SNCF Réseau dispose d’une enveloppe de 210 millions d’euros pour 2021 à 2024 pour couvrir les éventuels surcoûts de réaménagement des travaux pour préserver les sillons. « Il s’agit de concilier au mieux les travaux et les sillons. Le démarrage est un peu poussif aux yeux de nos clients, j’en suis conscient, mais reprogrammer des travaux parfois lourds ne se fait pas en claquant des doigts ».
En 2022, 35 millions d’euros vont être utilisés pour reprogrammer 5 chantiers et 2000 sillons-jour. L’établissement a listé 42 autres chantiers pour les années suivantes.
- Numérisation et digitalisation.
La réussite passe par les clients
Pour Frank Tuffereau, coordinateur de 4F : « Au sein de l’alliance 4F, nous avons pensé chaine logistique globale, le chargeur étant important, comment le faire venir.

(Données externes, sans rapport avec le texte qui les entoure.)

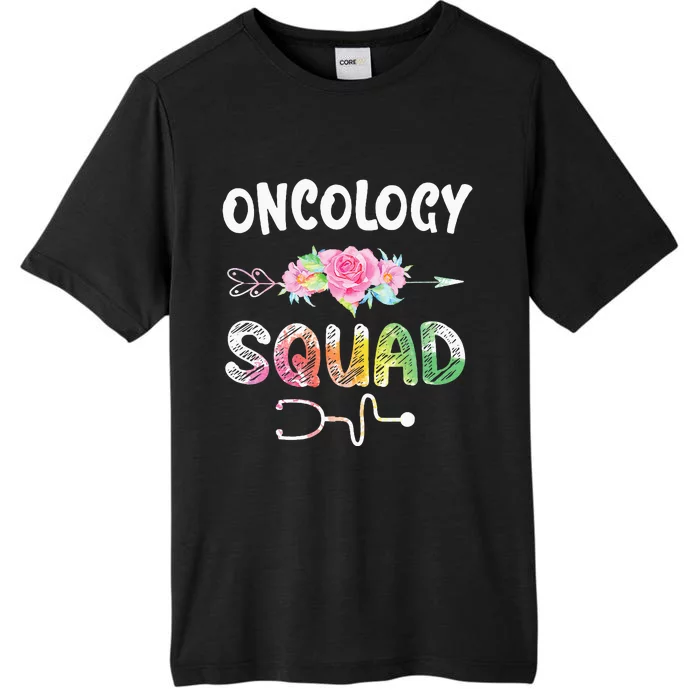 Oncology Nurse Squad Oncology Matching Nurse ChromaSoft Performance T-Shirt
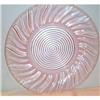 Image 1 : Pink Petalware Depression Glass Dinner Plate #1025822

Il faut de la fiabilité, c’est essentiel. Il y a l’Etat avec des aides et des investissements. Nous construisons, en ce moment les indicateurs de suivi, avons des rendez-vous réguliers.
Mais il y a une condition indispensable à la réussite : c’est trouver des clients, et, d’abord, faire revenir ceux qui ont abandonné le fret ferroviaire pour différentes raisons. Il faut aussi aller chercher des clients nouveaux. Pour cela, nous avons aussi un travail à conduire avec les territoires sur les sujets des capillaires, des ITE, pour favoriser les implantations des nouveaux clients aux bons endroits. C’est un travail de longue haleine, de tous les membres de l’alliance 4F et de tous les autres acteurs. Nous avons encore beaucoup de travail ».